My main concern now is that this never happens again. Or I really will cry. Lots of writers swear by Macs and I can't help but notice that while Microsoft programs were making 15 years worth of writing (including every college paper and most of my pre-degree manuscripts that I wanted to come back to) completely unintelligible, it was Mac stuff that actually came through for me--even in what limited form it could. It was the Mac stuff that did what it was supposed to.
That's what I need. Shit that works when I turn it on. If it doesn't work, I need a new one. Instead of if it doesn't work...."have you tried Googling coaxial cable trinton frask and then rebooting from a save point six steps back while reinterpreting the main tachion burst into a harmonic resonance with the ion flow?" Cause I'm pretty sure people asked me if I'd done that.
I don't really understand the product feud over computer brand loyalty. You don't see people who like Cheerios claiming that the Corn Flakes guys are all part of a crazy cult or the Corn Flake guys rolling their eyes, putting on their matching robes and going to the local Corn Flakes store to commiserate on how off base the word "cult" is. And you don't see the news wondering if every new turbo charged Nissan Skyline is going to be "A Mustang Killer."

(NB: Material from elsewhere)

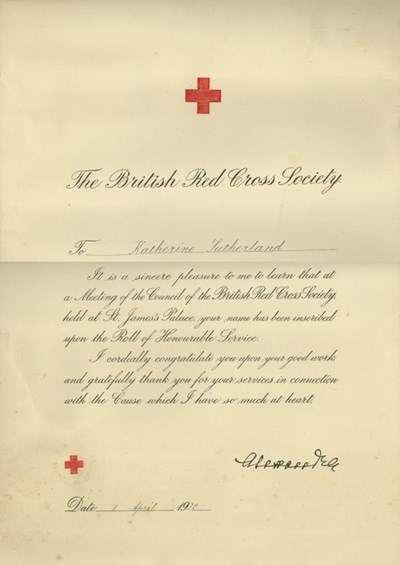 Red Cross certificate ~ Katherine Sutherland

I don't see why computers have to be this issue that requires people to jettison their brains before they discuss. If you are a computer whisperer, and you can make those fucking boxes of circuits and shit do what you want them to do, get yourself a PC of the MS or Linux variety and spend countless hours fixing things every time your different softwares have tantrums about their codexes or whatever and don't get along with each other. If you get hives at any step beyond the ON button, and generally LIKE when your computer pats you on the head and tells you what you want and what don't want, enjoy your Mac.
I clearly fall into the later category. I need my shit to work every time I turn it on and if it doesn't I have to kidnap ship engineers and tell their bridge crew "We look for things. Things to make us write." And when someone fixes something on my box of circuits--usually Uberdude--I nod and say "He is smart."
So as I salvage what writing I can, and start the painful process of rewriting everything else, I do so on Vera.